# I need chewie ideas!



## luvMyBRT (Mar 8, 2010)

So Duncan can chew! I know he has been teething, so I have been sure to have plenty of chews around. 

So he loves tendons, bully sticks, braided bully sticks, merrick chews, etc, etc. It would be nice to find some longer lasting chews as I am spending a small fortune keeping my boy happy... 

What are some other chewie ideas? What about antlers? What are some other natural fully digestable chews? Are there any bones that I could get from a butcher that would be safe to give?


----------



## CorgiPaws (Mar 31, 2009)

two words: beef ribs.


----------



## luvMyBRT (Mar 8, 2010)

Awesome. I was wondering about beef ribs. :biggrin:


----------



## DaneMama (Jun 27, 2008)

saraj2878 said:


> Awesome. I was wondering about beef ribs. :biggrin:


Make sure that they are raw though. And expect to see some initial diarrhea and upset since they can be pretty fatty. But definitely a good rec bone for dogs!

Another chew that you can get is elk or deer antlers. You have to make sure they are fresh. We bought a whole rack off of ebay for like $60 or something. If you buy them off the internet from dog food sites they are 10 times more expensive at least. We gave our girls one half of the rack sometime last year and its still mostly laying around but they do chew on it from time to time.

http://dogfoodchat.com/forum/raw-feeding/1796-antlers-treats.html


----------



## jdatwood (Apr 13, 2009)

danemama08 said:


> We gave our girls one half of the rack sometime last year and its still mostly laying around but they do chew on it from time to time.
> 
> http://dogfoodchat.com/forum/raw-feeding/1796-antlers-treats.html


Some days they LOVE it... it's been a while though. I'm thinking I should cut a new piece off and expose the insides again :biggrin:


----------



## 1605 (May 27, 2009)

saraj2878 said:


> So Duncan can chew! I know he has been teething, so I have been sure to have plenty of chews around.
> 
> So he loves tendons, bully sticks, braided bully sticks, merrick chews, etc, etc. It would be nice to find some longer lasting chews as I am spending a small fortune keeping my boy happy...
> 
> What are some other chewie ideas? What about antlers? What are some other natural fully digestable chews? Are there any bones that I could get from a butcher that would be safe to give?

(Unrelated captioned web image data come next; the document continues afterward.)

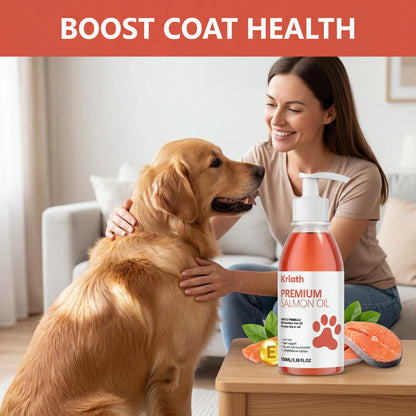 Natural Salmon Oil for Pets Dog Food Topper Liquid Vitamin E Supplement Shiny Coat and Heart Health Gentle Formula Pump Bottle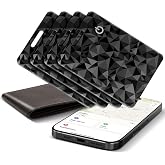 Wallet Tracker Card for Apple Find My (iOS Only), Ultra-Thin Bluetooth Tracker Smart Card Wallet Finder, IP68 Waterproof Slim Item Locator for Wallets, Keys, Passport &amp; Luggage Tags (Diamond Black)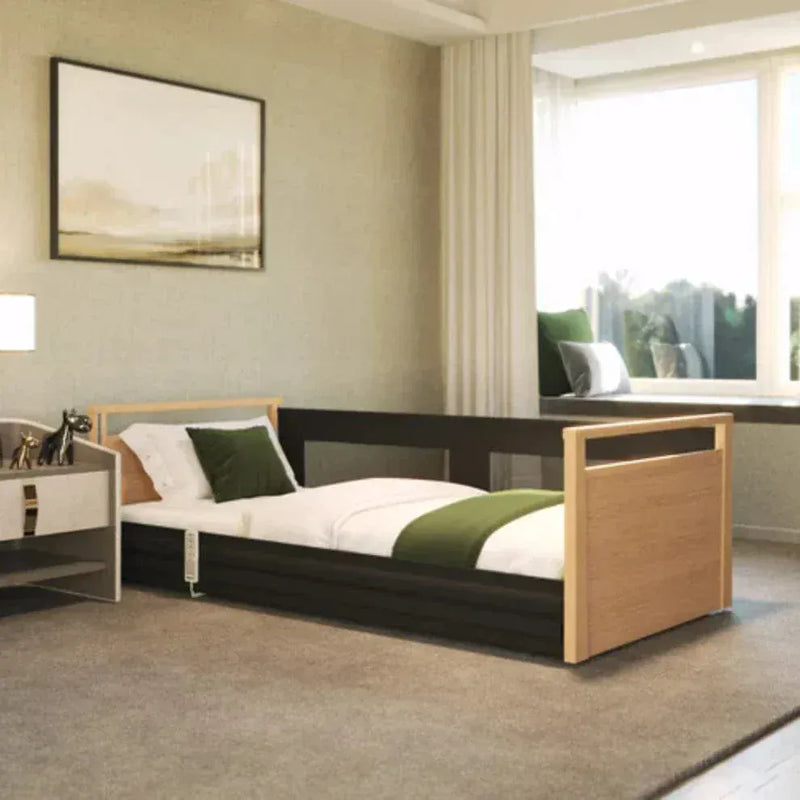 Cama de perfil ultra-bajo en solitario con rieles laterales de malla-cama eléctrica para la demencia ajustable para la configuración del hogar y el cuidado
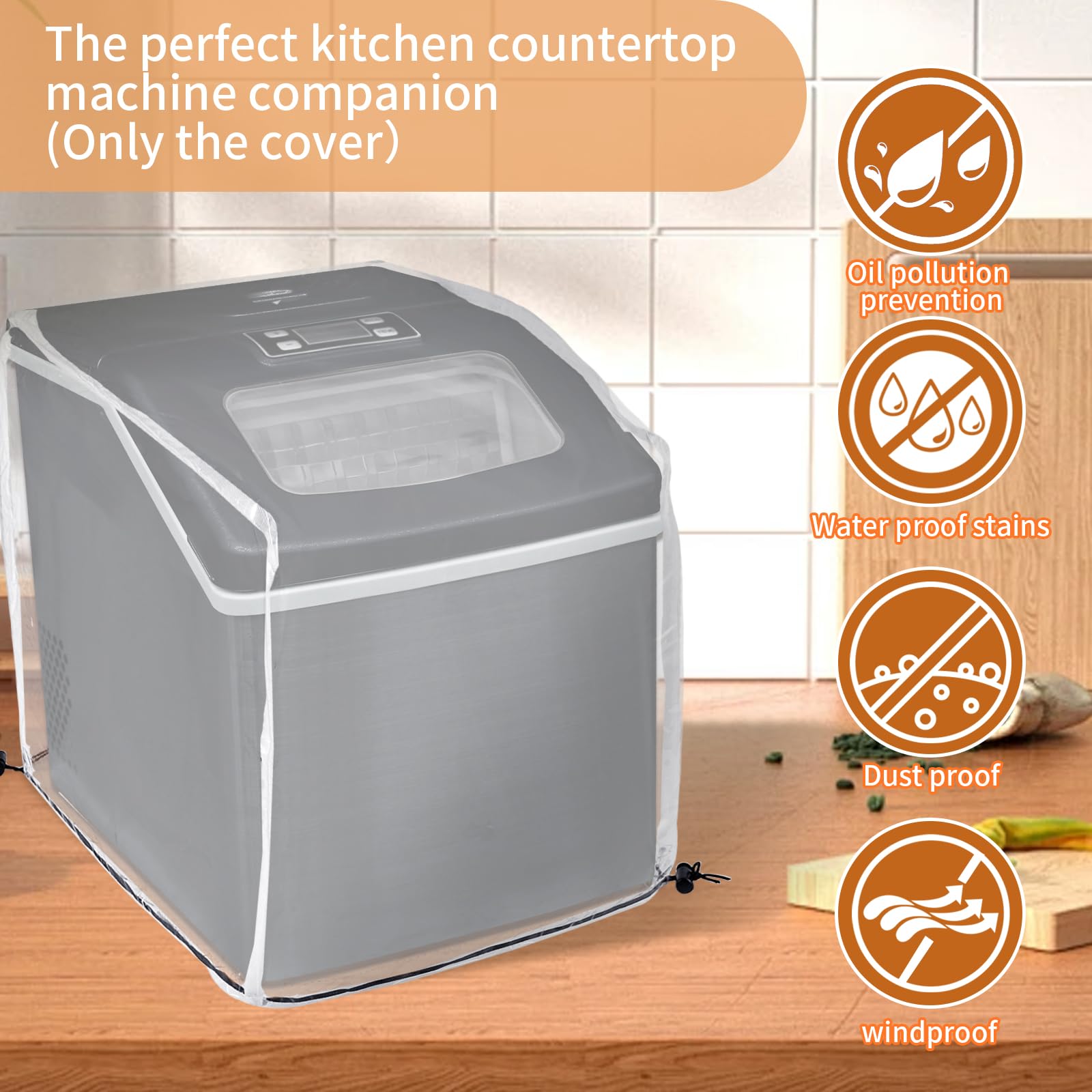 **PVC Ice Maker Cover - Dustproof & Waterproof Protective Shield for Portable Ice Machines, Ice Cube Makers & Countertop Appliances - Ideal for Home, Garage, Office & Outdoor Use**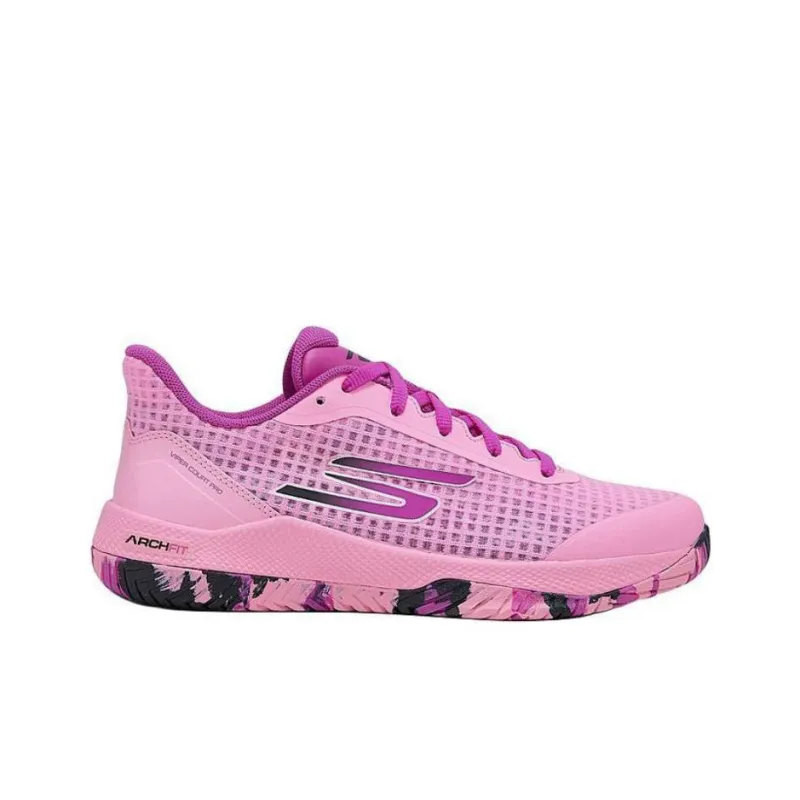 Skechers Viper Court Pro Cushioning Abrasion Resistant Breathable Low Top Training Shoes Women's Pink-1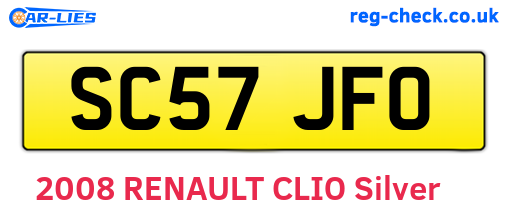 SC57JFO are the vehicle registration plates.
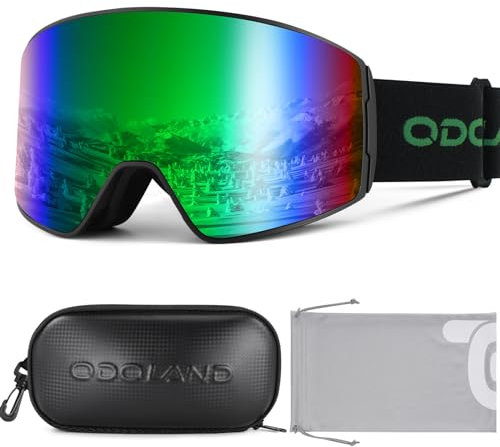 Odoland Skibrille Zylindrische Schneebrille für Damen und Herren mit Skibrillenetui Anti-Fog UV-Schutz Unisex Snowboardbrille Helmkompatible für Jungen und Mädchen zum Snowboard Skifahren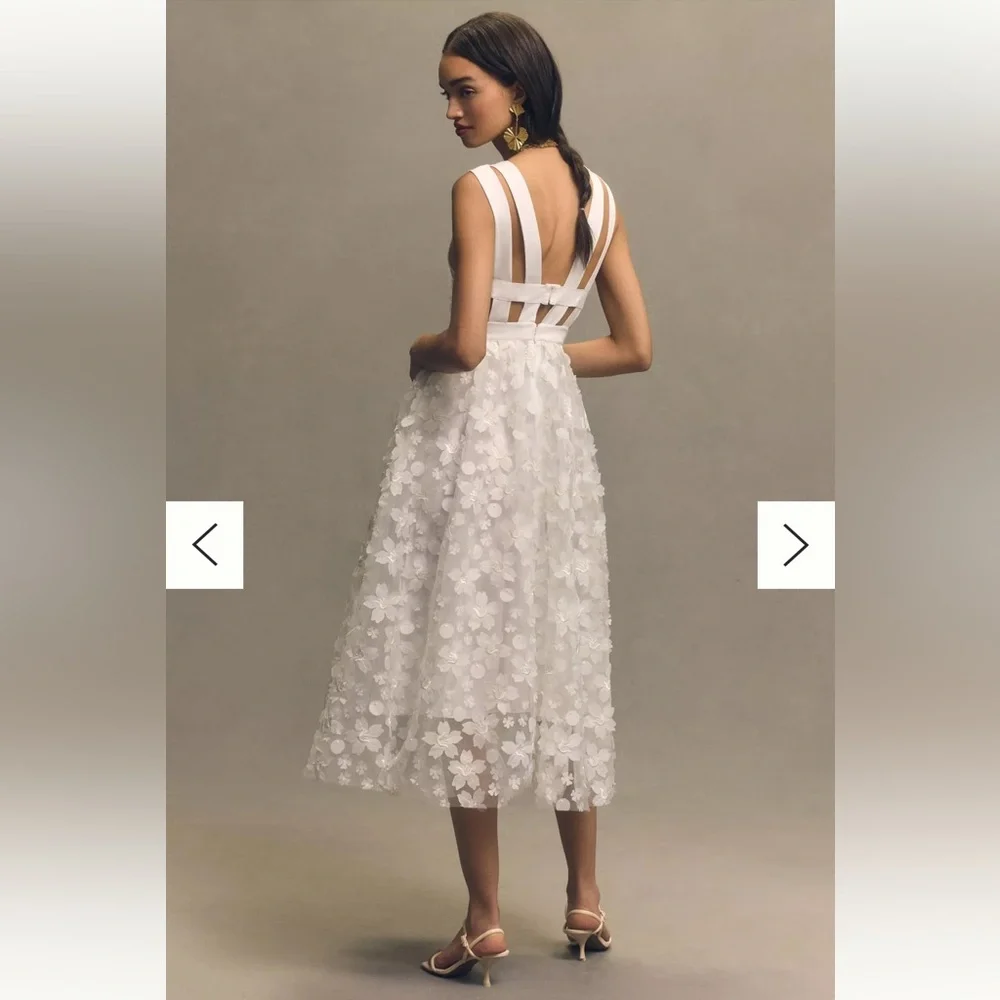 Anthropologie BHLDN Stevie V-Neck Floral Appliqué A-Line Midi Dress in Ivory - Picture 2 of 7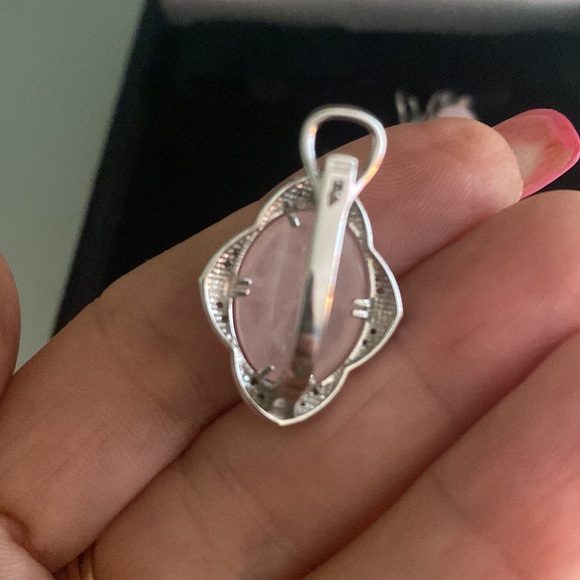 Pink quart silver 925’ earrings. - Picture 3 of 8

I know this may offend some people's sensibilities, but we also give our mega-chewer nyla bones as well as bully sticks and tendons. They come in interesting shapes, last a long time, and break down into small enough pieces that they are not an issue.


----------



## luvMyBRT (Mar 8, 2010)

Thanks for the ideas everyone. :smile:

I am liking the idea of the rib bones. I am wondering if I got some and then tried to cut the meat off and cook it for us somehow and then give just the raw bones to the dogs. Really don't want any dog diarrhea...LOL.

I just put in a big order at bestbullystick.com for some braided bully sticks, tendons, treacheas (sp?), etc...They cost so much less when I order them online. 

Jon-how do you cut the antlers? A hand saw? I am thinking antlers may be worth a try....


----------



## wags (Jan 31, 2009)

A good chewing device is the filled Kong toy. Frozen is great for teething pups! Put peanut butter , yogurt plain (remember when freezing to put saran wrap around it so it doesn't spill in the fridge) there are lots of fillings for Kongs.


----------



## wags (Jan 31, 2009)

Some kong filler ideas!

Dog Recipes That Work Great In KONG Toys! - The Fun Times Guide to Dogs


----------



## Bessie7o7 (Jan 1, 2010)

Are beef ribs a good choice for any dog. I recently adopted Jethro a 7 month old chocolate lab and he is quite the chewer.there is also a 4 year old German Shepherd in the house who may also get a hold of it.


----------



## CorgiPaws (Mar 31, 2009)

Bessie7o7 said:


> Are beef ribs a good choice for any dog. I recently adopted Jethro a 7 month old chocolate lab and he is quite the chewer.there is also a 4 year old German Shepherd in the house who may also get a hold of it.


I think they'd be great for just about any dog. 
For dogs with super sensitive tummies not accustomed to raw, stripping some of the meat or fat may be a good idea, but probably not necessary. They're great for aggressive chewers, too.


----------



## 3feathers (Oct 29, 2008)

I have never tried beef ribs, which I will try soon. But I have used deer antlers for the past 13 years for my powerful chewers. I have always loved them for the teething puppies. I am seeing more antlers for sale as chewing treats for dogs, and I can't help to think "Dang, if only I would have came up with the idea of SELLING them!" HAHA


----------



## jdatwood (Apr 13, 2009)

saraj2878 said:


> Jon-how do you cut the antlers? A hand saw? I am thinking antlers may be worth a try....


When we first got them I cut off a piece and gave it to them. Just one of the points... they showed some interest in it but not nearly as much as when I just gave them the whole rack. 

For some reason they haven't shown much interest in it the past couple of months though. I thought maybe exposing a fresh spot of the insides might help get them interested again? and yes, I just used a hand saw to cut it...


----------



## 1605 (May 27, 2009)

wags said:


> A good chewing device is the filled Kong toy. Frozen is great for teething pups! Put peanut butter , yogurt plain (remember when freezing to put saran wrap around it so it doesn't spill in the fridge) there are lots of fillings for Kongs.


Kongs only worked for Zio as long as he couldn't get his mouth completely around it. As soon as he could do that, they were chewed to bits. Since Kong bits are NOT small, my worry was that if he swallowed some there would be problems. 

Thus, no more Kongs in our house.


----------



## Bessie7o7 (Jan 1, 2010)

Thanks for the beef rib idea. They were cheap enough and have lasted way longer then I would have thought. Even Cammy the GSD hasn't destroyed them yet. I did shave off a lot of the meat to start with but have been giving them the meat as treats. They absolutely love them.


----------



## Pattydon (Aug 4, 2010)

My girls love antlers and they last a long time. I found a place online that sells them pretty cheap.


----------